=== Supplied records ===

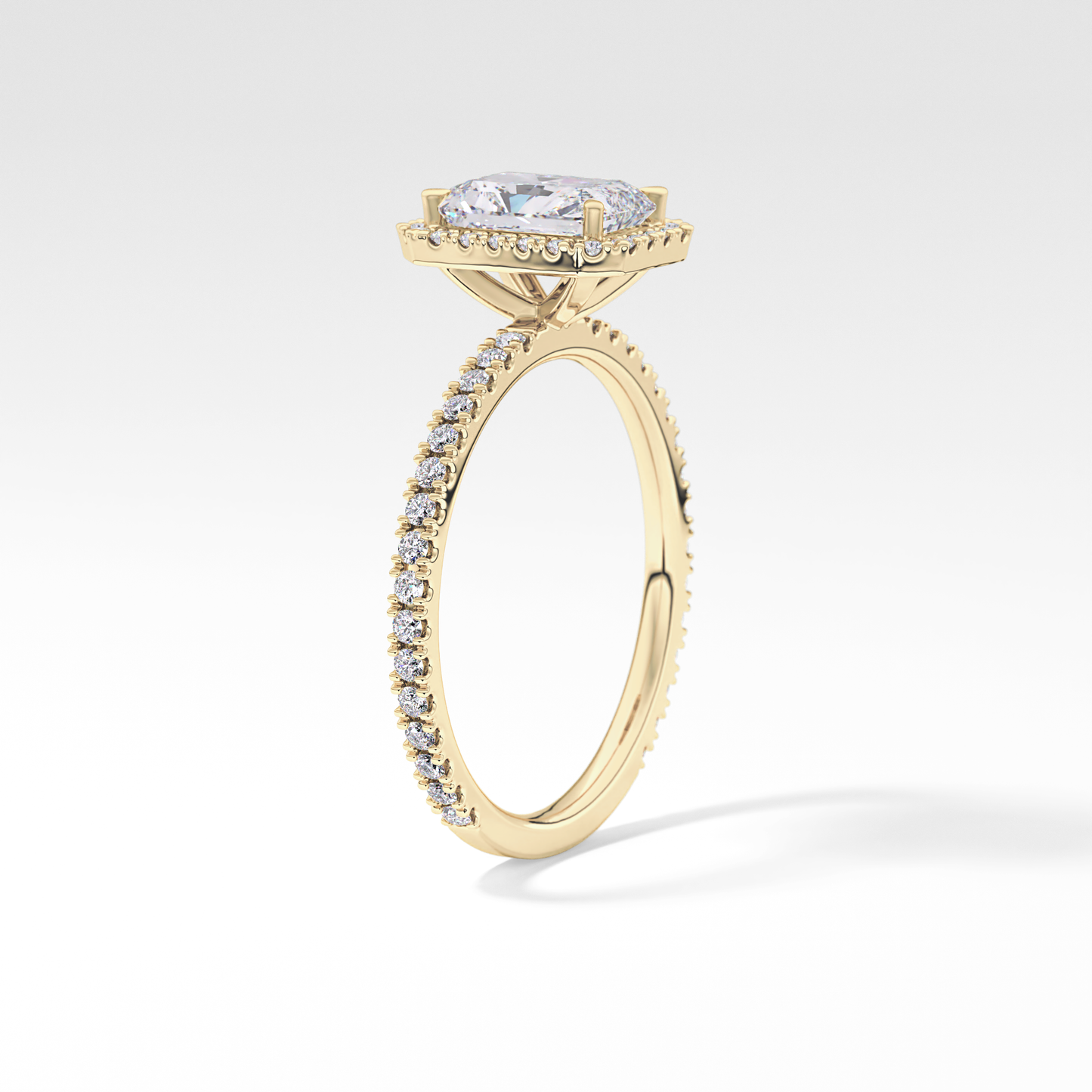 Radiant Halo &  Pave Lab Grown Diamond Engagement Ring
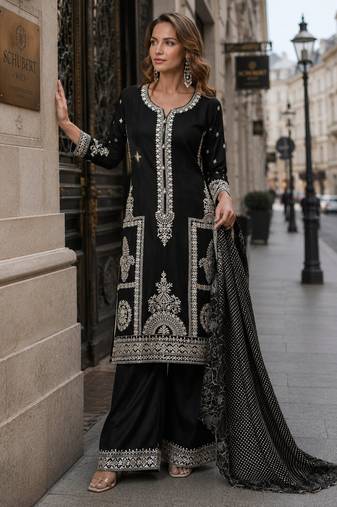 black embroidered silk blend salwar suit - free size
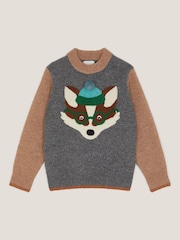 Monsoon Grey Fox Colourblock Knit Jumper - Image 1 of 3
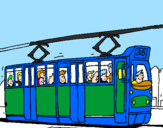 Desenho Eléctrico com passageiros pintado por juleo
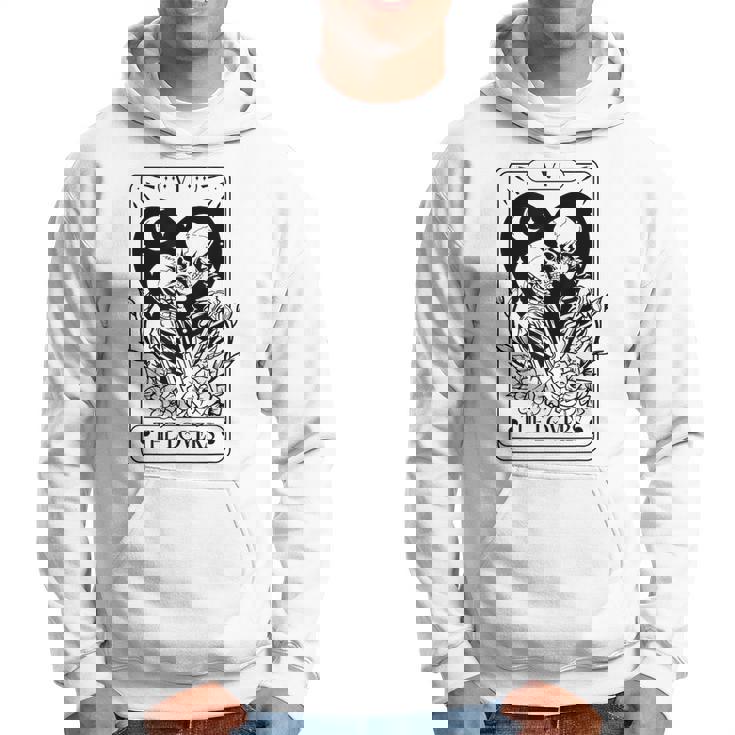 Vintage The Lovers Tarot Card Skeleton Skull Loves Tarot Hoodie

===

All of the records above should be written out exactly, with the pictures left out.

 Radiant Halo &  Pave Lab Grown Diamond Engagement Ring
 black embroidered silk blend salwar suit - free size
 Monsoon Grey Fox Colourblock Knit Jumper - Image 1 of 3
 Desenho Eléctrico com passageiros pintado por juleo
 Vintage The Lovers Tarot Card Skeleton Skull Loves Tarot Hoodie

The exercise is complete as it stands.